Legislators and partisans will attempt to turn the tragedy to their own ends. The anxious chorus will pray that they do something, anything, that might prevent such acts of outrage in the future. Depending on their inclinations, their response will be fruitless, knee-jerk laws that restrict weapons and free speech, or expand the penalties for bad motives. They will all be gloss. Rants against guns, hate crimes, gangs, Goths, Satanism, Hitler, media, or Marilyn Manson will all be part of a flimsy pretense for new legal foolishness.
It's never pleasant to trove the depths of evil in the human psyche. Much better to shrug and discard unthinkable carnage as simple craziness, male hormones, or rebellion gone amok. And it is true that human motives are always complex and secret. We rarely know our own motives with clarity, much less those of others, and even less of those whose final act was to take their own lives. However, we cannot ignore plain motives and circumstances that lead to violent acts. Discovering the precursors of crime is what allows us to develop and maintain a civil society.
What brings a teenager, or any human being, to the point of gleeful murder and self-destruction? How does anyone come to the conclusion that life is so worthless that the only joy remaining is a brief spasm of deadly revenge? In the Littleton, Colorado case, we havethe clear representation of close friends. "Their motive is, basically, because they hate the school and the administration," said pupil Alejandra Marsh. "They were just mad at the world," adds Ben Grams, "Mad because they weren't popular." Witnesses observed that their explicit revenge was directed against "jocks", the athletic bullies who had tormented them. These are not uncommon motives for teenage anger, frustration, and depression. The common remedy is time, communication, and loving support from parents and peers. The two teen boys at Columbine apparently received no such guidance. Their emotional distress was so lengthy and persistent that they had lost any hope for future relief. The sad fact is that no law can banish the human failings of parents or peers who are unable to heal all the injuries that life has to offer. But there is one very important failing that we can repair.
Human sanity can only take so much torture. When we subject anyone to prolonged, persistent, and seemingly endless exposure to abuse and psychological deprivation, we can be certain that they will eventually crack. That is precisely what we do to many students by imposing on them a compulsory public education. This is not a righteous political assertion, but rather an apparent and difficult fact. Prisoners of war are treated better than those youngsters who are forced, totally beyond their parents control, to subject themselves to daily doses of cruel and unusual punishment by heartless peers. There is no escape. There is no alternative. After weeks, months, and years of torture, all hope is lost.
The point can be made that it is only a few kids here and a few kids there and one or two over there who suffer the consequences of compulsory schooling.
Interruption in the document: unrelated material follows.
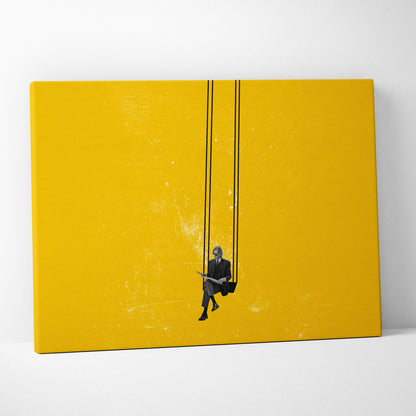 Vibrant yellow canvas wall art featuring a black and white silhouette of a man in a suit on a swing with textured background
However, there's another element of public education that affects every child. "In loco parentis" isn't an insult against crazy parents, but the legal doctrine holding that schools, teachers, and administrators have all the rights and powers of parents while children are in their custody. The proper word is custody, because none of these government employees assumes any of the parental roles of loving and nurturing a wayward child. School staffs justifiably deny those obligations, since they are only being paid to conform with the dictates of expansive and vague state and federal regulations. Even with a few concerned teachers and counselors, many students are left in an ethical and emotional vacuum for most of their days. This environment is unique to government schools because they are required, properly, to abstain from the moral and ethical corrections and directions that children require.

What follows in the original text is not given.